For example, better quality control usually results in an increase of number of defects, at least temporarily. But that just because large portion of these defects were undetected before.

So... you are looking at a number that you have nothing to compare to that also depends on how closely the process is monitored and also depends a lot on the definition of what is non-conformance.

It is like trying to give an answer to "what is the length of Britain's coastline?" Everybody knows that you can get whatever answer you want depending on how long the ruler is.

wmidwestranger|2 years ago

> Also, I think a lot of middle and upper level management needs to lose their jobs over this.

Given that if a worker doing the work raised this problem or took initiative to resolve it, they'ld probably be punished; I completely agree.
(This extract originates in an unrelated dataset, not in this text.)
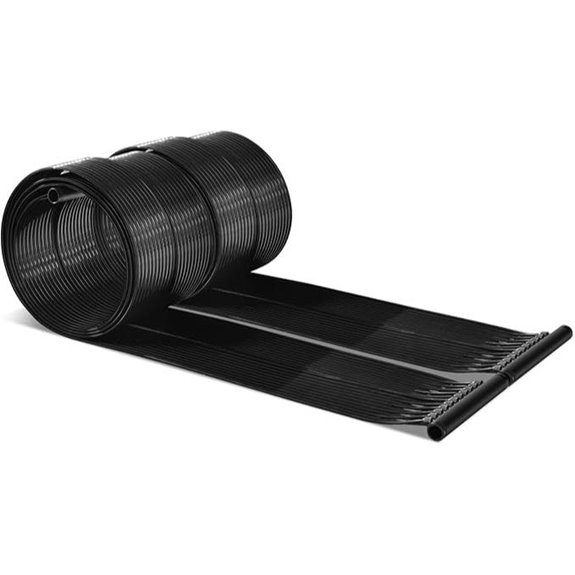 IRONMAX Solar Pool Heater - Portable Above/Inground System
Reminds me so much of how, once-upon-a-time, there seemed to be actual engineering management in a cooperatively adversarial relationship with business managers but not anymore. Now any sort of engineering in business seems to be completely business managed and business minded. I'm sure it's great for profits while it lasts but I haven't observed engineering becoming better and I suspect business is suffering by overextending itself too, I just don't have any solid observations.

(Well, maybe one, my brother does warehouse / logistics management and says, despite there being every reason in the world, he has never seen the accounting software and the inventory software successfully and productively linked. So, big opportunity there for a serious player but maybe not the profitable compared to the issue?)

shadowgovt|2 years ago

Rumor has it the controls are there, but subvert-able.

Apparently, there are two ticketing systems (one for "history of plane," Boeing internal, and one for "day-to-day onsite work," visible by contractors and Boeing management). The work to fix the rivets was logged in the day-to-day, but management and the onsite staff managed to convince themselves that merely opening the plug to fix the vacuum-seal trim did not constitute "removing" the plug, and since there was only an entry in the history-of-plane log for removing, not opening, they didn't log it there (when the intent was "there's no entry for 'just opening' because there's no such thing as 'just opening', breaching the pressure vessel at all constitutes 'removal of plug'").

The final inspection that should have caught the error would have been triggered by the update in the history-of-plane ticketing queue.

(And as for 'how many non-conformances,' the same source claims that Spirit is one of the few subcontractors with on-site staff at the factory because their parent company delivers such consistently shoddy out-of-compliance product that they are continuously doing final warrenty-work onsite. So maybe "fire that vendor" should be on the docket too).

lp4vn|2 years ago

>I'd be curious to know [...] whether management is actually allowing the quality department sufficient independence to investigate these issues and fully resolve them

If management in the aerospace industry works like management in the software industry, then I guess they are pushing for results as agressively as possible without much concern about safety or anything else.

mihaaly|2 years ago

I have tendency to hope for unrealistic things too. Not a reliable trait of mine, no. But in my clear moments I am afraid that much sooner will come the world peace and union of all nations and religions than unimaginative but determined bean counters learn from millions of catastrophes of the past and future to come giving up pushing their core value and first rule of 'take more, give less' into the infinity and beyond. And giving up their personal wealth with it.

fransje26|2 years ago

According to the "insider source", 392 non-conforming defects in the fuselage door installation in the last 365 calendar days.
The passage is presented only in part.